Oh man I wonder who the Most Entertaining Trainer's gonna be


----------



## M&F (Jan 15, 2016)

Today begins the *voting period*. This means nominations are closed; from now until the day of the final results, it's time to vote. Be sure to check the voting guidelines (if only because I just added something there that I'd neglected to before now) and let the decisive moment begin.


----------



## Eifie (Jan 15, 2016)

ooooh let's all vote against Music Dragon. down with the local fabulousness law!


----------



## Music Dragon (Jan 15, 2016)

It's a fool's errand! You can't stop me! If everybody votes against me, I'll instead receive the "Not The Most Entertaining Trainer" Award, which is equal but opposite in power!


----------



## M&F (Jan 16, 2016)

Oops, forgot to mention it in this thread as well, but, there's been a slight change in the voting rules, specifically for the Best Nickname category. Be sure to check that out if you're still about to vote.


----------



## M&F (Jan 29, 2016)

Today is the very last day of the voting phase, folks. If you have any last-minute lots to throw in, now's the time.


----------



## Zhorken (Jan 29, 2016)

Wait, I thought tomorrow was the last day?


----------



## M&F (Jan 29, 2016)

Zhorken said:


> Wait, I thought tomorrow was the last day?


I can take a few votes tomorrow as well if they're well-timed, but tomorrow is also when the results are going up, so this is, like, the last full day.


----------



## M&F (Jan 30, 2016)

The results are in. Congratulations to all of this year's winners! Your prizes should be handled soon.
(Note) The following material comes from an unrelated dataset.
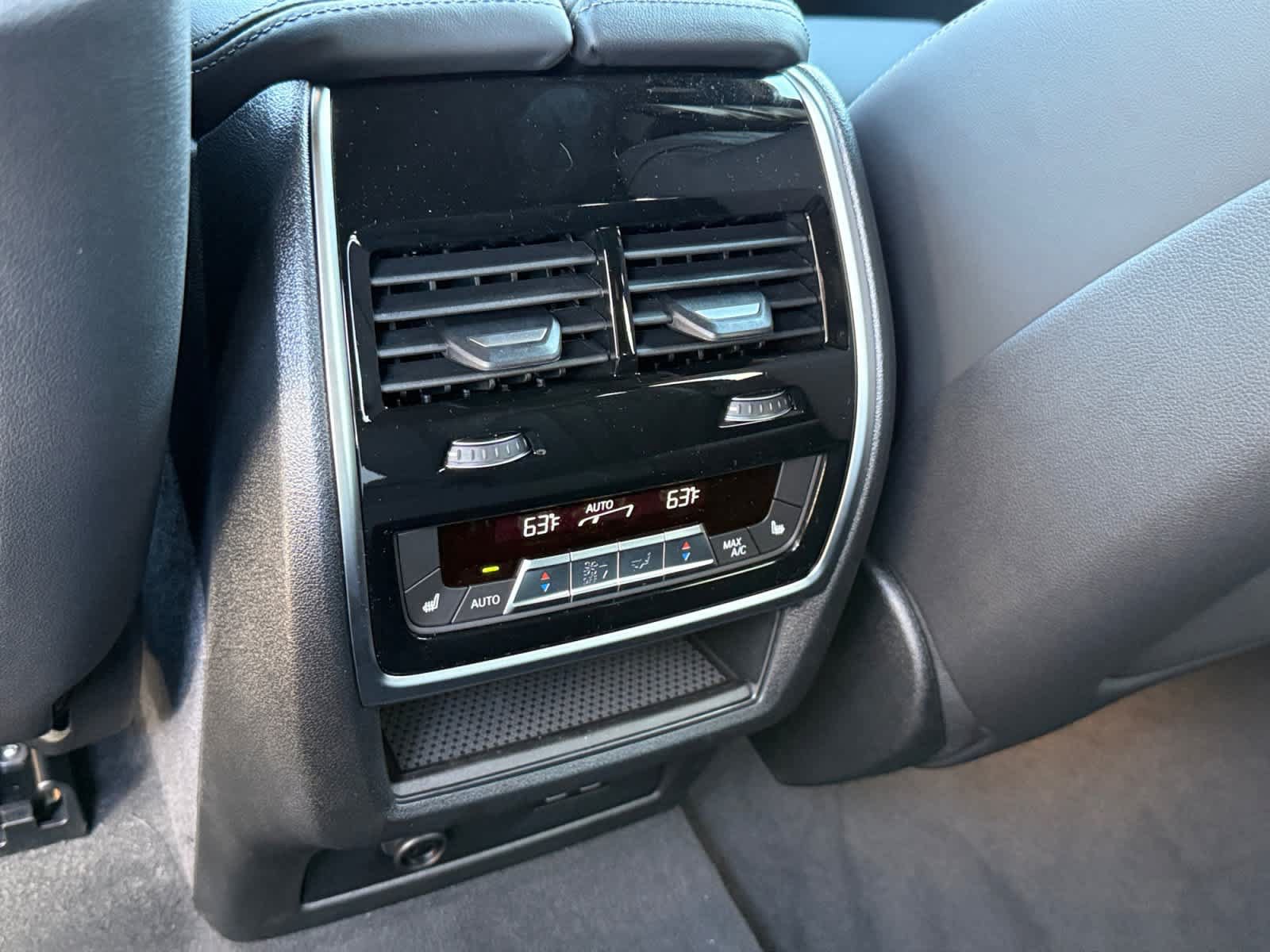 New 2027 BMW X7 M60i AWD/4WD image 19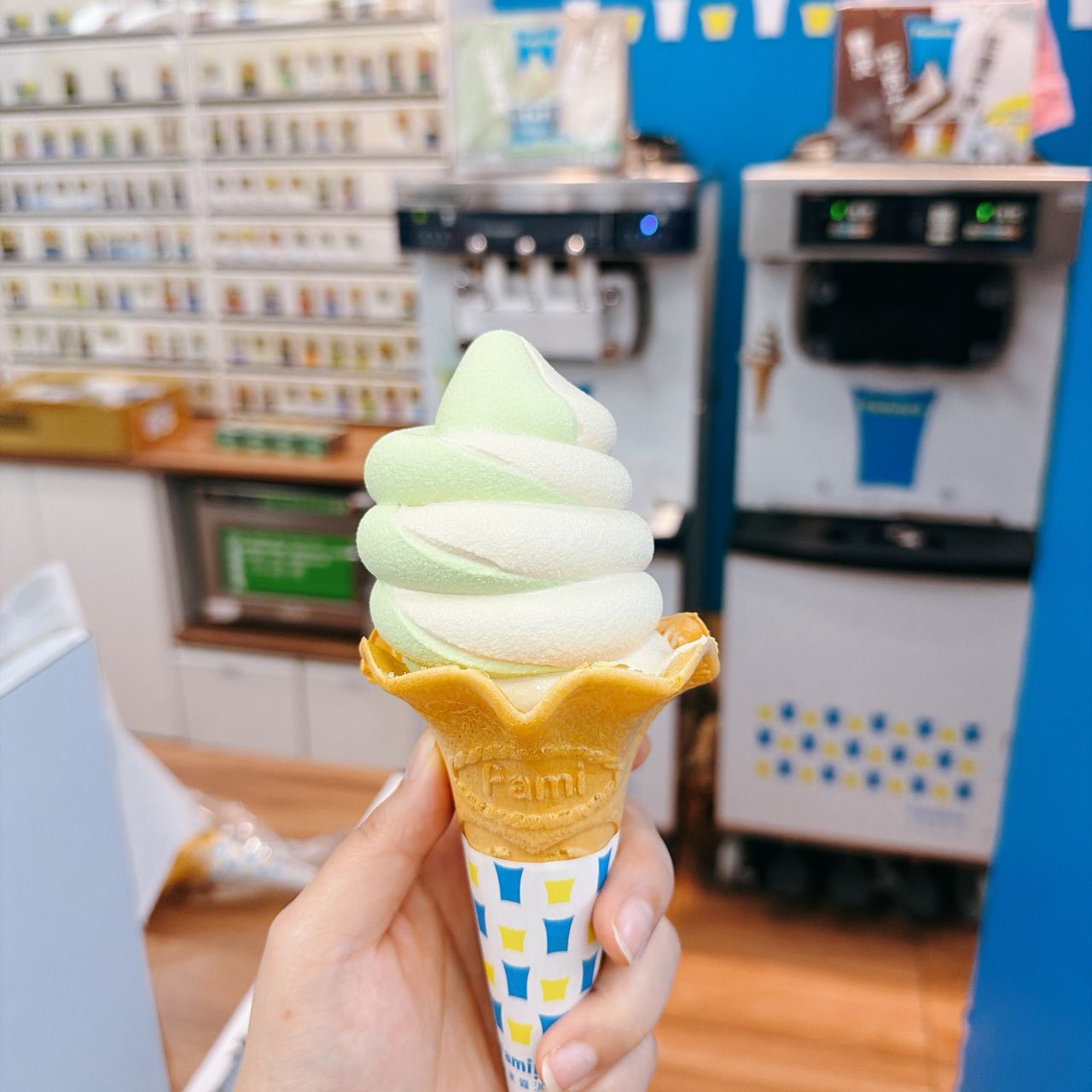 [情報] 全家4月限定口味霜淇淋 - 超商 - PTT.BEST 批踢踢爆文 2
Some categories had very close victories, and we've only narrowly avoided running into a couple of three-way ties, but that's hardly anything unusual for ASB Awards. In any case, thanks to everyone who participated in nominating and voting; and, of course, thanks to everyone who helped make this a wonderful new beginning for the league. Now, let's all make another great year for ASB!


----------



## Eifie (Jan 30, 2016)

Awww, you guys...! ;;


----------



## JackPK (Jan 30, 2016)

_spends $160 on unowns to make joke_

_wins $15 prize as unintended result of joke_


----------



## M&F (Jan 30, 2016)

Alright, aside from some stray $15 that I'm still verifying, all the money's been doled out. Let me know if it hasn't landed properly. For reference, here's a tally of the rewards that should be in each account so far:


Spoiler: cash money



Dragon: $20
Eifie: $115, 2 Rare Candies, 2 HA freebies
Eta Carinae: $40, HA freebie
I Liek Squirtles: $15
JackPK: $45
Keldeo: $80, 1 Rare Candy, 2 HA freebies
Music Dragon: $70, 2 Rare Candies
Superbird: $15
The Omskivar: $15
TruetoCheese: $15
Vipera Magnifica: $20, HA freebie
Wargle: $20, HA freebie



Additionally, I'll need everyone who got a Rare Candy or a HA freebie to make their choice, and I'll need everyone who's getting a HA freebie pick the species. For convenience, here's a list of people who have some of those to claim:

Dragon (1 Rare Candy or HA freebie)


----------



## Eta Carinae (Jan 30, 2016)

_aaaaaaahhhhhhh_

(I'll take a Tinted Lens Hoothoot please and thank you!)


----------



## I liek Squirtles (Jan 31, 2016)

!!! Wow I actually won something!!! :0 Thanks to everyone who voted for me ohmygod this day keeps getting better


----------



## Wargle (Feb 8, 2016)

I totally forgot to claim a prize here gg Wargle

Speed Boost Torchic por favor!


----------



## Music Dragon (Feb 12, 2016)

Hmm! You know, I think I'm gonna be boring and go with the two Rare Candies.


----------